There are $n$ points on a circle ($n>1$). Define an "interval" as an arc of a circle such that it's start and finish are from those points. Consider a family of intervals $F$ such that for every element of $F$ like $A$ there is almost one other element of $F$ like $B$ such that $A \subseteq B$ (in this case we call $A$ is sub-interval of $B$). We call an interval maximal if it is not a sub-interval of any other interval. If $m$ is the number of maximal elements of $F$ and $a$ is number of non-maximal elements of $F,$ prove that $n\geq m+\frac a2.$
Problem
Source: Iran TST 2011 - Day 1 - Problem 3
Tags: combinatorics unsolved, combinatorics
11.05.2011 03:52
My attempt at a solution.
19.05.2011 12:36
Define a chain on the circle as follows: $I_{1}\subset I_{2}\subset ....\subset I_{n}$ where $I_{i}$ is an arc on circle with length $i$. Easily the number of chain is $n2^{n-2}$ Now define$ \Lambda_{1}$ the subset of chains which contains a maximal element and $\Lambda_{2}$ the subset of chains which containes a non-maximal element and no maximal element. We have $\Lambda_{1}\cap \Lambda_{2}=\emptyset$ and any two member of $\Lambda_{1}$ and $\Lambda_{2}$ are disjoint. Easily we have $|\Lambda_{1}|=m2^{n-2}$ and $|\Lambda_{2}|=a2^{n-3}$. But we have $|\Lambda_{1}|$+$|\Lambda_{2}|\leq n2^{n-2}$ which solves the problem.
29.06.2015 01:34
"almost" should be "at most" in question.
06.01.2016 15:48
Well, if you use the end points of the interval, this is easy.
07.02.2016 22:09
Create a multigraph $G$ on the vertices of the circle with a red edge between vertices $u$ and $v$ corresponding to a non-maximal arc, and blue edge corresponding to a maximal arc.
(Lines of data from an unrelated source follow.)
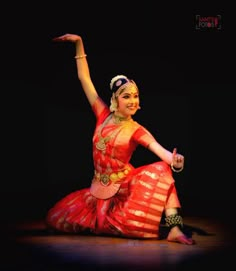 a woman in a red and yellow dress is dancing on stage with her arms outstretched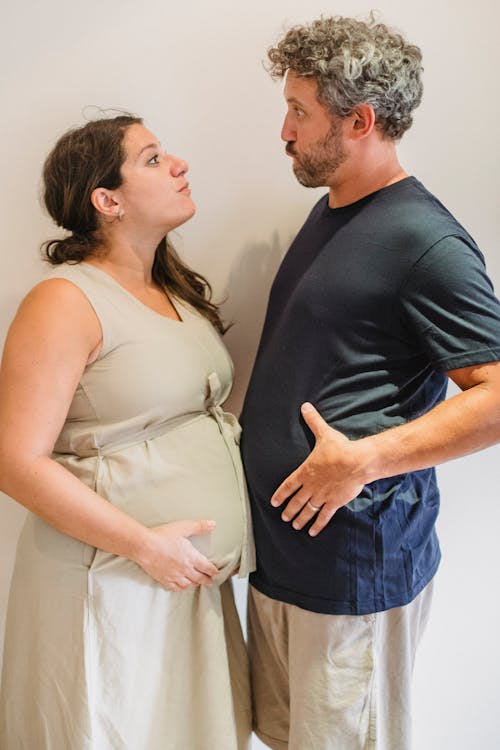 Side view of joyful adult man and pregnant woman in casual clothes comparing bellies and making grimaces while having fun together against white background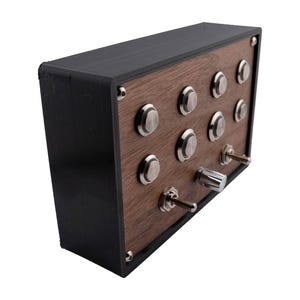 Puede incluir: Una caja rectangular negra con un panel frontal de imitación madera. El panel presenta diez botones plateados y tres interruptores de palanca. Probablemente sea un dispositivo electrónico o un panel de control.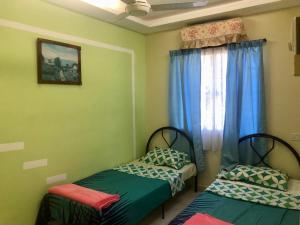 2 camas individuales en una habitación con ventana en Ipoh Tambun Cozy & comfortable, en Kampong Batu Lapan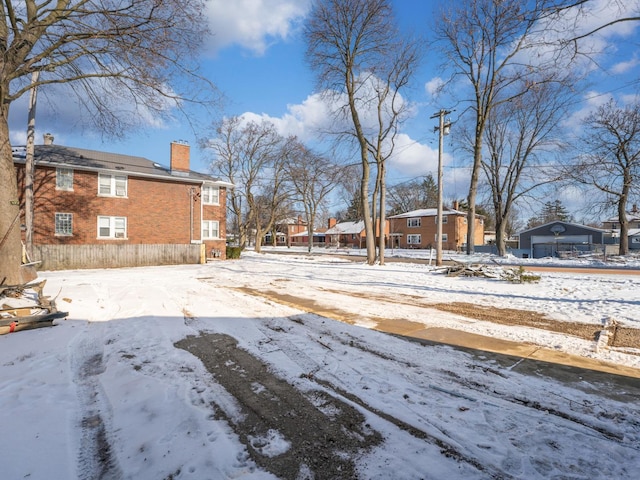 view of yard covered in snow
It is not difficult to see that each vertex has red degree at most $2$ and blue degree at most $2$. Furthermore, if a vertex is adjacent to $2$ non-maximal arcs or $2$ maximal arcs, then these two arcs must be in different directions (clockwise and counterclockwise). Now let $A$ be the set of vertices with blue degree $2$, $B$ with blue degree $1$ and $C$ with blue degree $0$. Consider some arbitrary red edge between vertices $u$ and $v$. If $u,v \in A$, then there are maximal arcs going both directions (clockwise and counterclockwise) from each of $u$ and $v$, so $uv$ is contained in two maximal arcs, contradiction. Let $B' \subseteq B$ be the set of all vertices in $B$ which are connected by a red edge to a vertex in $A$. We make two claims about the vertices in $B'$ which I think are easy to prove but annoying to write down, and I can discuss them further if someone wants a proof or has a counterexample. i) Each vertex in $B'$ is connected by a red edge to at most one vertex in $A$ ii) Two vertices in $B'$ cannot be connected by a path of red edges going through vertices in $B$ So now, delete every red edge adjacent to a vertex in $C$. We will delete at most $2|C|$ edges like this. By i) and ii), it is easy to see that there are at most $|B|$ red edges adjacent to a vertex in $B$. So we get $m = |A| + \frac{|B|}{2}$ and $\frac{a}{2} \le \frac{|B|}{2} + |C|$, so $m+ \frac{a}{2} \le |A|+|B|+|C| = n$, as desired.